Microsoft exec reportedly leaves job following testy Xbox tweets

Adam Orth has left the company following his negative tweets about an always-on Internet connection for the next Xbox, says Game Informer.

Lance Whitney Contributing Writer
Lance Whitney is a freelance technology writer and trainer and a former IT professional. He's written for Time, CNET, PCMag, and several other publications. He's the author of two tech books--one on Windows and another on LinkedIn.
Lance Whitney
2 min read
One of the tweets that got Adam Orth into trouble.
One of the tweets that got Adam Orth into trouble. CNET Australia

A Microsoft creative director who got into hot water in the wake of comments about the next Xbox is apparently no longer with the company.

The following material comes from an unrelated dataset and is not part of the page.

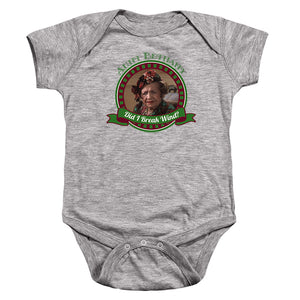 AN OFFCIALLY LICENSED CHRISTMAS VACATION BREAK WIND BABY BODYSUIT ATHLETIC HEATHER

"Sources close to the matter" revealed the news to gaming site Game Informer. The site also called Microsoft's main switchboard to confirm that Orth is no longer working at the company.

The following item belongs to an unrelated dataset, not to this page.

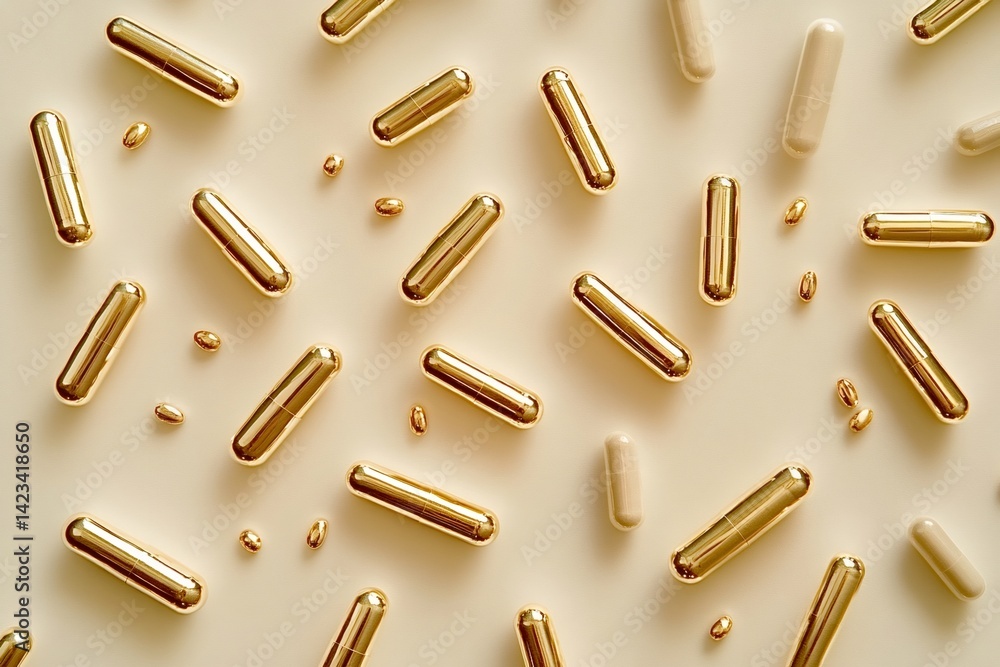 Poster golden and beige capsules of different sizes are lying on a beige background, creating a pattern and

The anonymous sources say the former creative director resigned following the controversy he created last week with Twitter comments. But Game Informer hasn't learned whether Orth resigned voluntarily or was forced out.

Orth allegedly got into trouble last week after posting a series of tweets in response to the rumor that the next Xbox would require an always-on Internet connection.

Responding to some gripes over the alleged requirement, Orth tweeted: "Sorry, I don't get the drama around having an 'always-on' console. Every device now is 'always-on.' That's the world we live in." He capped off his tweet with the hashtag #dealwithit.

In a follow-up tweet, Orth dug an even deeper hole for himself.

One person challenged his initial comment by saying: "You've lived in LA, SF, Seattle...very connected places. Try living in Janesville, WI or Blacksburg, VA."

Orth's response: "Why on earth would I live there?"

Following the heated exchange, Microsoft issued a public apology:

We apologize for the inappropriate comments made by an employee on Twitter yesterday. This person is not a spokesperson for Microsoft, and his personal views do not reflect the customer centric approach we take to our products or how we would communicate directly with our loyal consumers. We are very sorry if this offended anyone, however we have not made any announcements about our product roadmap, and have no further comment on this matter.

Orth himself also apologized, saying that the tweets were just a bit of banter between friends.

In response to Orth's reported departure, a Microsoft spokesperson told CNET that the company is not commenting further on this issue.

Orth has since protected his tweets, meaning they're available only to approved followers. He had allegedly deleted his LinkedIn profile, but a search on the site for Adam Orth shows his profile as still active and still listing Microsoft as his current employer.

Microsoft has been trying to keep details about the next Xbox under wraps. Rumors have already been flying that the next-generation console would require a permanent Internet connection to operate. Just what that means is unclear. But we may learn more on May 21 when Microsoft will reportedly hold an event to announce the new console.

Update, 8:40 a.m. PT with comment from Microsoft.